## ASSIGNMENT
The answer must consist only of the lines from the line with "Casa para comprar" to the line with "Grundig receiver R35, Audio, Tv", both included, exactly as they stand below.

-------- AVAILABLE DATA

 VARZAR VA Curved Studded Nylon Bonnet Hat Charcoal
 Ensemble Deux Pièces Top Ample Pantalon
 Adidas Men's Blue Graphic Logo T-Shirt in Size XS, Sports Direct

----------------
-------- AVAILABLE DATA

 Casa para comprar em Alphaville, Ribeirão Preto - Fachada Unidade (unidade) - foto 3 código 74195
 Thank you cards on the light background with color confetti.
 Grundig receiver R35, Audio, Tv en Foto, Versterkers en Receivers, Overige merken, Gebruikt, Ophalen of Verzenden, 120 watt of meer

----------------
-------- AVAILABLE DATA

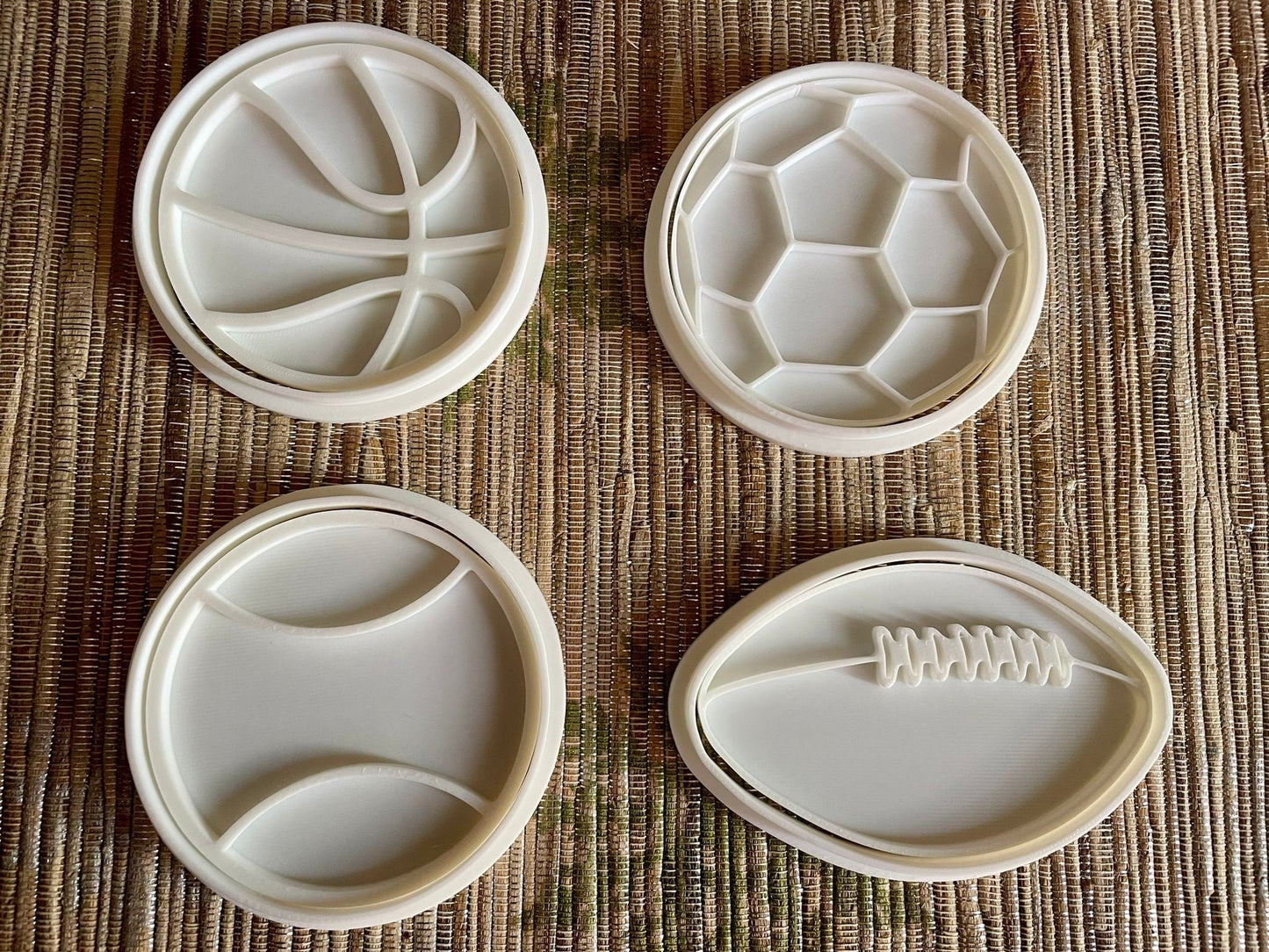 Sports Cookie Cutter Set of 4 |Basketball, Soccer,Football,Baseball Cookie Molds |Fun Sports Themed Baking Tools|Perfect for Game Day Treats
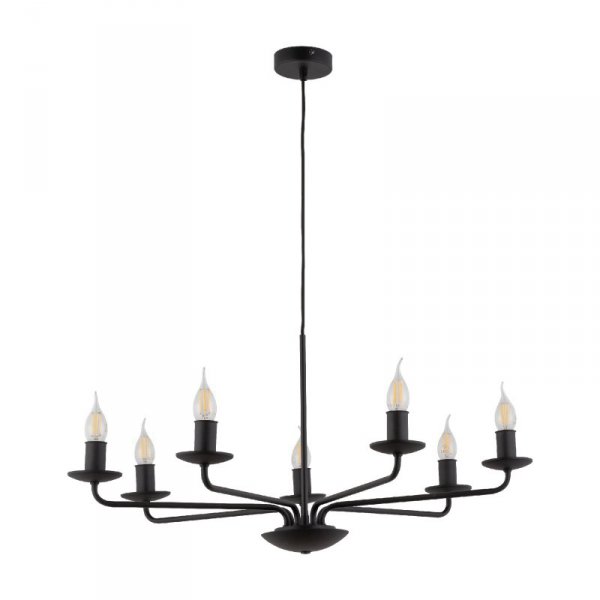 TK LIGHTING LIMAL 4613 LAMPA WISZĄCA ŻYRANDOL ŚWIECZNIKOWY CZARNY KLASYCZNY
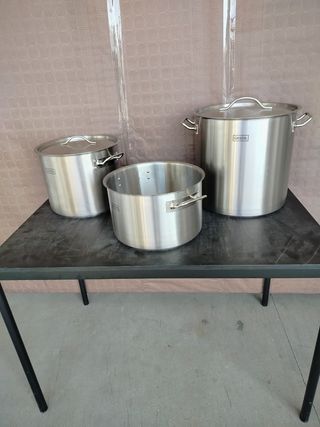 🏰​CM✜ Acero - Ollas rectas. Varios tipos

----------------

## EXERCISE RESULT
 Casa para comprar em Alphaville, Ribeirão Preto - Fachada Unidade (unidade) - foto 3 código 74195
 Thank you cards on the light background with color confetti.
 Grundig receiver R35, Audio, Tv en Foto, Versterkers en Receivers, Overige merken, Gebruikt, Ophalen of Verzenden, 120 watt of meer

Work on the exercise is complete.